The entries this year for the Communicator of the Year were exceptional. It was nigh impossible to decide who the winner ought to be. In the end the judges unanimously chose Professor Pariante.
Professor Pariante has communicated with the general public about psychiatry, using various media including radio, TV documentaries, podcasts, national and international newspapers, and magazines.
He has an enviable following on social media and his BlogSpot Inspire the Mind has had over 100,000 views since its inception 3 years ago.

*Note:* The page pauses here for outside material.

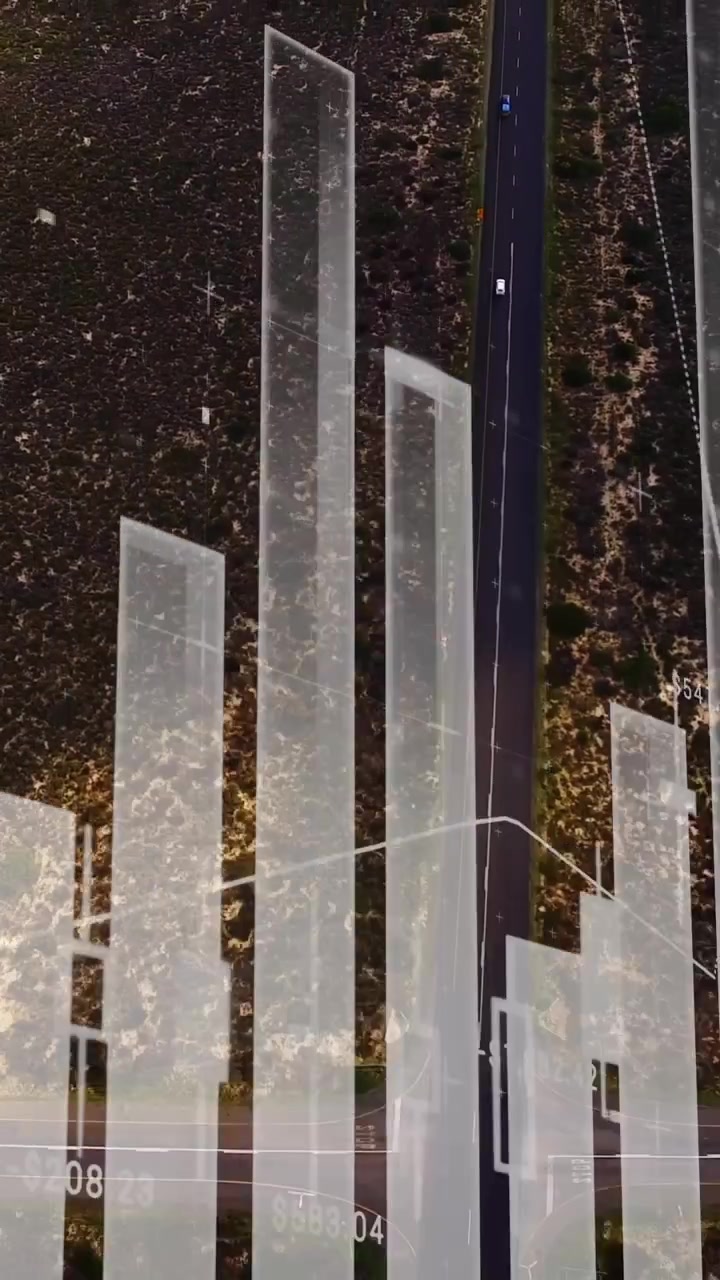 Financial data analysis animation over aerial view of road through landscape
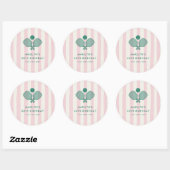 Pink Green Preppy Pickleball Verjaardagsfeestje Ronde Sticker (Vel)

There is little doubt that he is a worthy winner.
Psychiatric Educator of the Year
Dr Roshelle Ramkisson
Dr Ramkisson is a Child Psychiatrist, Director of Medical Education In Pennine Care NHS Foundation Trust, NICE Fellow , Senior Lecturer at the University of Bolton and Honorary Senior lecturer Global mental health research capacity and capability lead at the University of Manchester. Her focus is on developing systems, exploring innovations and empowering the workforce to deliver evidence-based care.
Dr. Ramkisson has shown a remarkable range and breadth of local, national and global accomplishments in psychiatric education across the past year. Dr. Ramkisson has played a key role in variety of roles in the past year including Director of Medical Education (DME), Training Programme Director (TPD) for core training HEENW and Associate Director of Medical Education (ADME) for Pennine Care NHS Foundation Trust.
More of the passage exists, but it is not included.